Comprehensive experiments on SEED, SEED-IV, and HBUED—spanning both three-class and four-class emotion recognition scenarios—demonstrate that SSAS achieves SOTA accuracy under leave-one-subject-out cross-validation (LOSOCV). Specifically, SSAS yields 91.97% on SEED and 77.99% on SEED-IV, outperforming strong adversarial and graph neural baselines by margins of up to 7% on the more heterogeneous SEED-IV. Notably, SSAS delivers robust performance improvements in low-sample and high-heterogeneity regimes, aligning with its design objective of emphasizing beneficial sources while suppressing detrimental ones.

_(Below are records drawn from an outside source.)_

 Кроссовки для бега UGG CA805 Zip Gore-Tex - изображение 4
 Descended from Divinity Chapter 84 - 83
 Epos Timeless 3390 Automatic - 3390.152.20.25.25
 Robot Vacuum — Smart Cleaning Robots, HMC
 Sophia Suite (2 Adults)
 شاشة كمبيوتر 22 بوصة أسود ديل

Ablation studies highlight the indispensable role of both MMD (penalizing inter-subject discrepancy) and the MDC (preserving adversarial balance); removal of either reduces generalization by over 10%. The SS module’s contribution is amplified in datasets where negative transfer is prevalent, supporting its utility as a filter in realistic, multi-source adaptation environments. Visualization using t-SNE further validates that the post-adaptation feature clusters are better aligned with emotion classes and domains, with significant reduction in class confusion compared to vanilla DA.

Theoretical Analysis

SSAS is anchored in a formalized extension of classic DA theory, introducing an error bound over the target expected loss that incorporates both inter-domain discrepancy and a data-driven supremum over source domains selected by dynamic weighting. Unlike standard analysis that only considers average-case source alignment, SSAS operationalizes a bound that explicitly minimizes transfer from high-divergence or low-similarity sources. This is formalized in a multi-source version of the Ben-David et al. domain adaptation bound, where maximization of worst-case pairwise divergence tightens control over target risk, especially under high source heterogeneity.

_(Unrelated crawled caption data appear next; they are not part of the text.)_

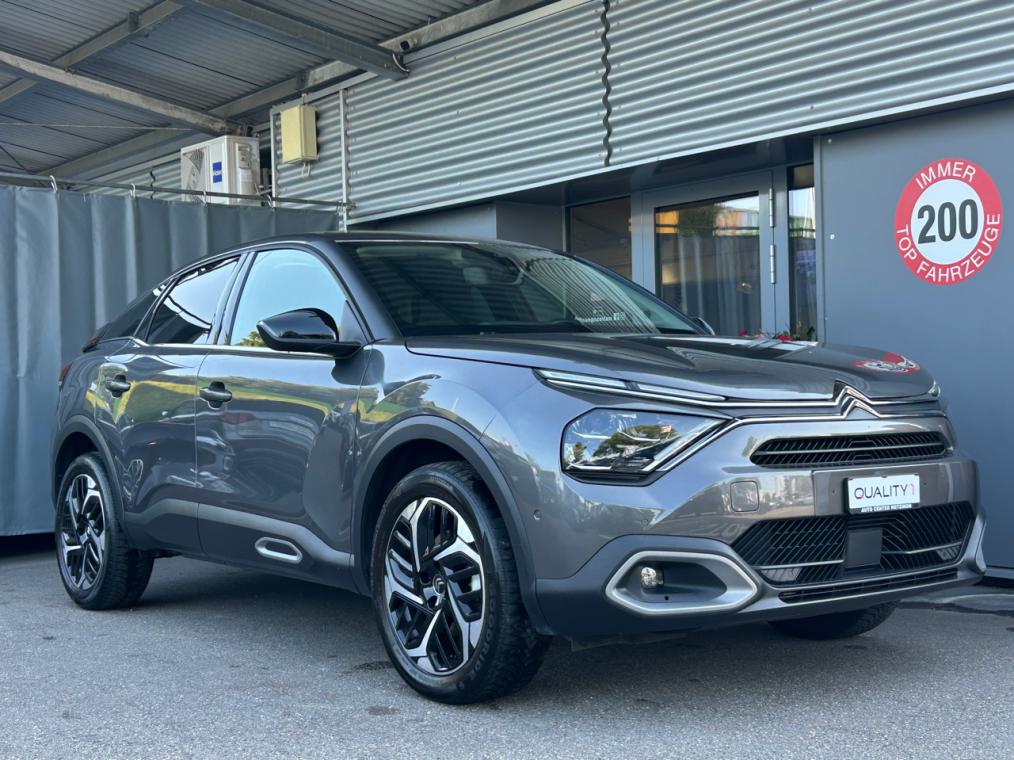 CITROEN C4 1.2 Pure Tech Feel EAT8-showroom-element-1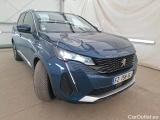  Peugeot  3008 PEUGEOT  / 2020 / 5P / SUV 1.6 HYBRID 225 E-EAT8 Allure Pack #4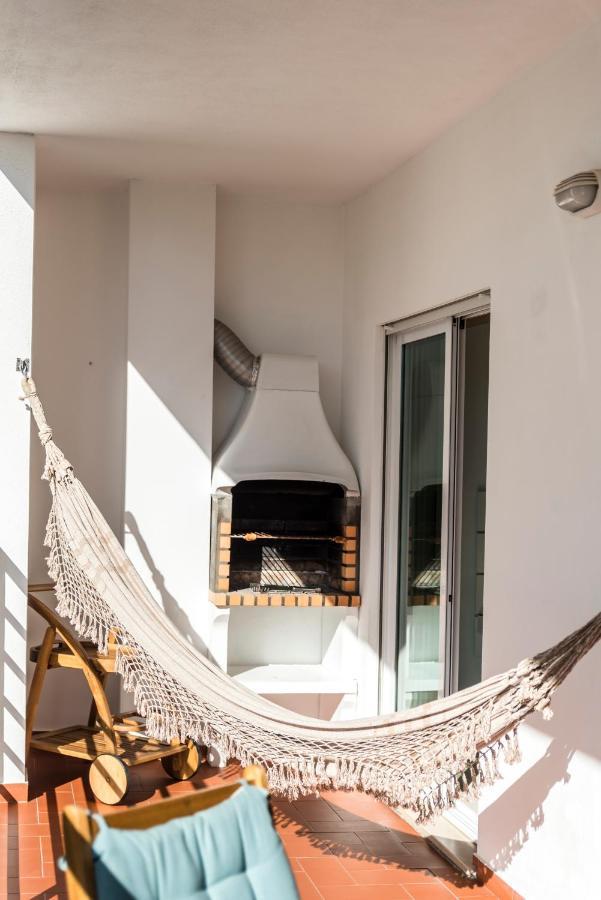 Algarve Vibes Apartment, Wifi, Pool, Ac, Bbq * Portimao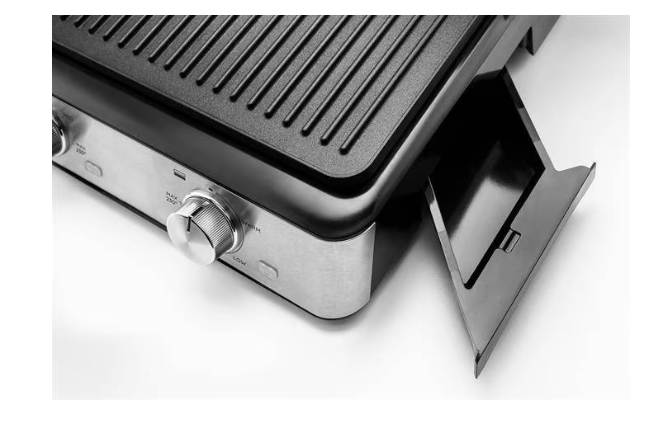 Гриль Delonghi CGH 920 фото №3
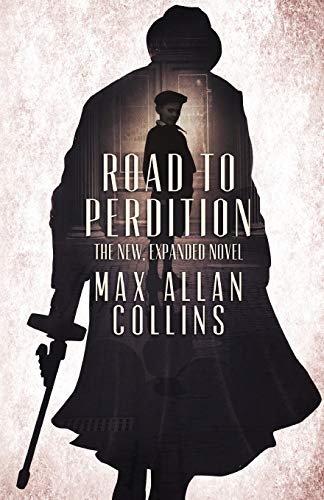 Road to Perdition (Perdition Saga)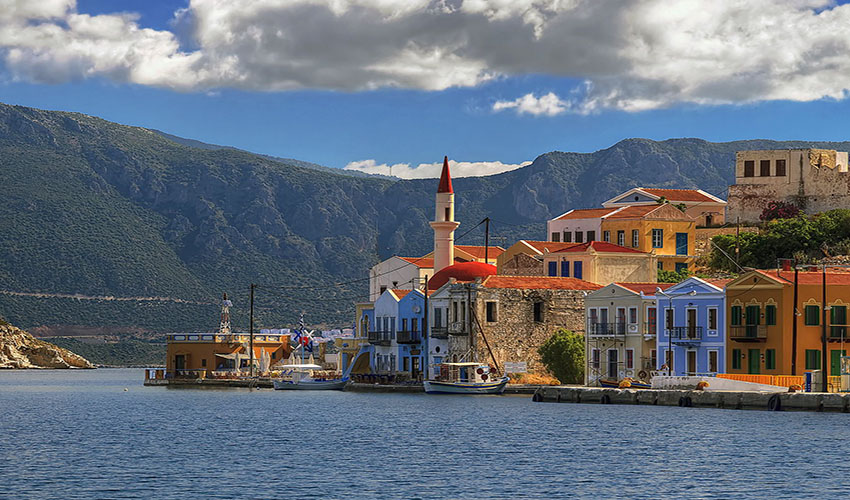 Καστελόριζο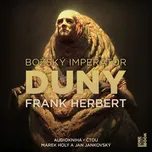 Božský imperátor Duny - Herbert Frank…
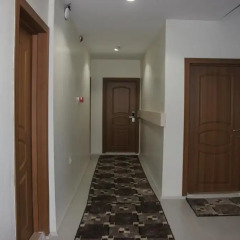 Metecan Hotel интерьер отеля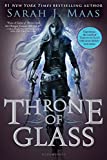 Throne of Glass (Throne of Glass series Book 1)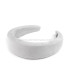 SUEDE HEADBAND "IVREA"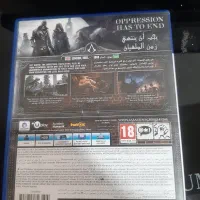 دیسک PS4|کنسول، بازی ویدئویی و آنلاین|شاهین‌شهر, خانه کارگر|دیوار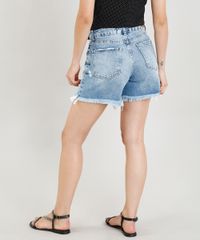 Bermuda-Jeans-Feminina-Girlfriend-Destroyed-Azul-Claro-9346369-Azul_Claro_2
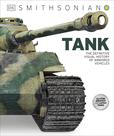 Book DK Tank: A história visual definitiva dos veículos blindados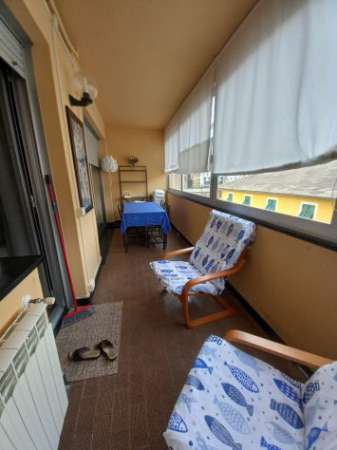 Foto affitto estivo lavagna parco tigullio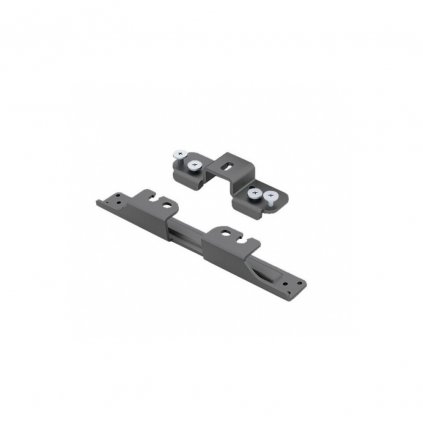 SIGE MATERIA 225F držák čela box 600mm grafit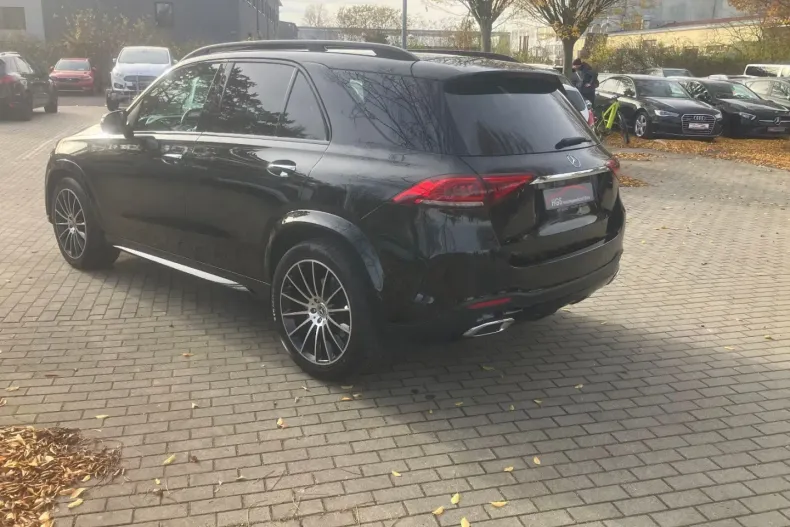 Mercedes-Benz GLE 400 (Clasa GLE) din 2024 cu 39.985 km - oferta MER185622 - foto 5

Implications and Future Directions

The SSAS architecture demonstrates that source domain selection is crucial in robust cross-subject EEG emotion recognition. The explicit adversarial simulation and dynamic weighting distinguish SSAS from naïve alignment or simple instance filtering approaches, providing a blueprint for negative transfer mitigation in generic multi-source domain adaptation. In practical terms, SSAS enables higher-fidelity aBCIs deployable in settings where annotated target data is absent and inter-subject variability is high, such as real-world emotion monitoring, clinical diagnostics, and longitudinal neuroadaptive interfaces.

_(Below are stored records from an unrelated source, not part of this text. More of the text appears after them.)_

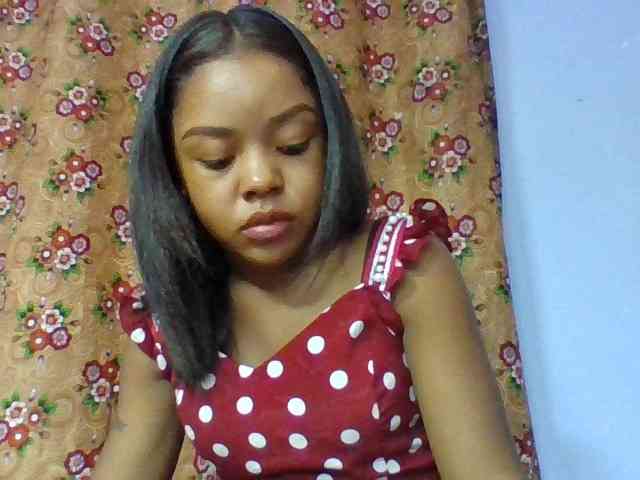 Elysa7 webcam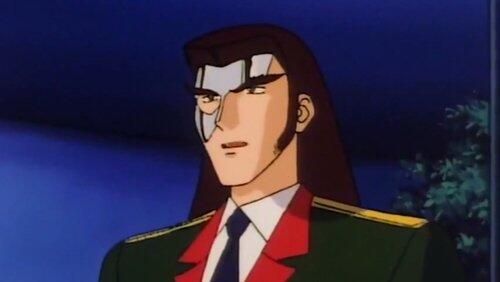 Fight, Domon! Earth is the Ring Fight, Domon! Earth is the Ring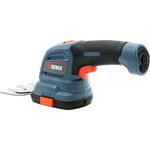 Ножницы-кусторез аккумуляторные SENIX GSS1-L-EU, 3.6V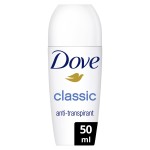Déodorant Bille Classic Anti-Transpirant Sans Alcool 48h 50ml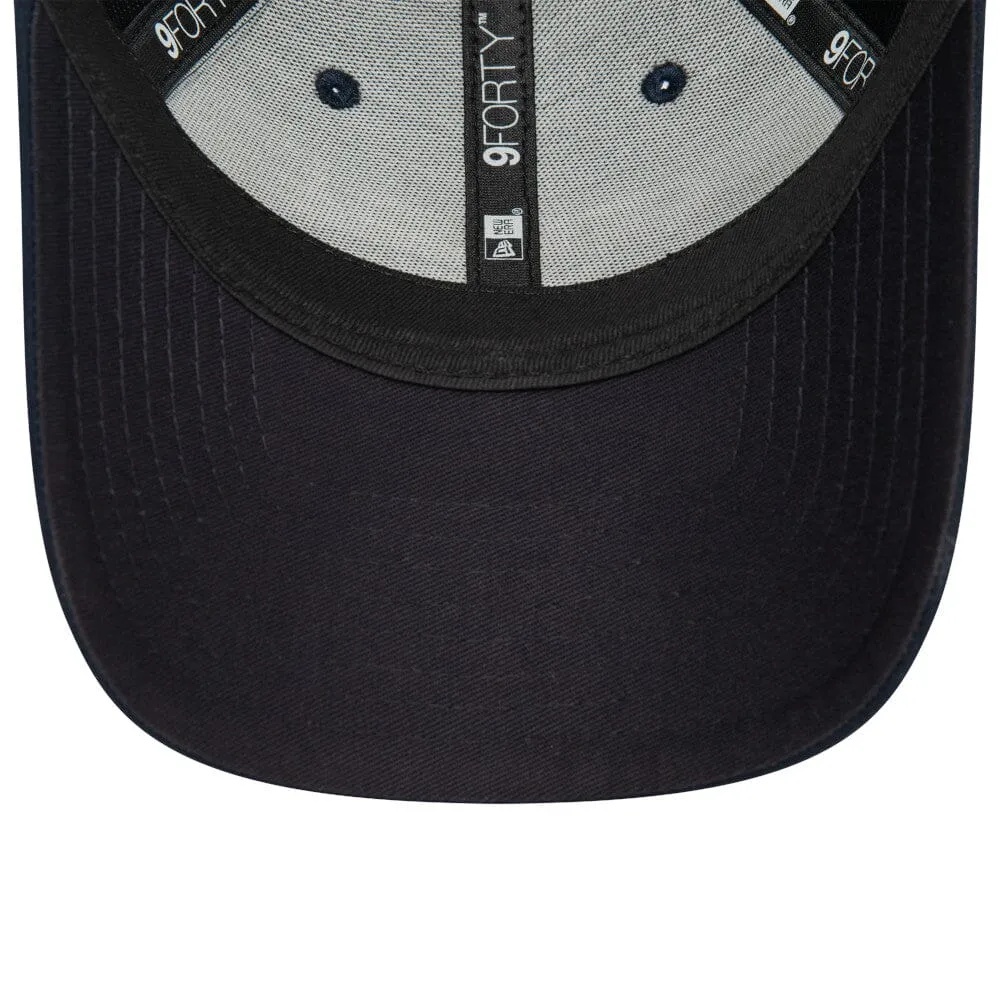 Chelsea FC 9Forty Cap (60564712)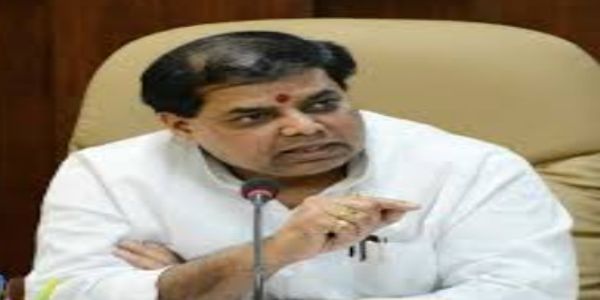 अमरावती स्त्री रुग्णालय दुर्घटनेवर प्रवीण पोटे पाटील यांच्याकडून तीव्र शोक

However, SSAS incurs computational overhead for explicit source weighting and sequential training; its marginal advantage is attenuated in settings where sources are uniformly high-quality. Future work is likely to explore lightweight or continual selection modules, soft adaptive gating, and integration with more sophisticated uncertainty quantification or generative data augmentation for improved sample efficiency.

Conclusion

SSAS establishes an empirically validated and theoretically motivated framework for source selection and adversarial domain adaptation in cross-subject EEG emotion recognition. By coupling dynamic, adversarially informed weighting with robust adaptation objectives, it attains high generalization accuracy, particularly in challenging, negative transfer-prone environments. Extensions of SSAS are likely to inform broader DA practice for other bio-signal recognition and multi-source adaptation tasks.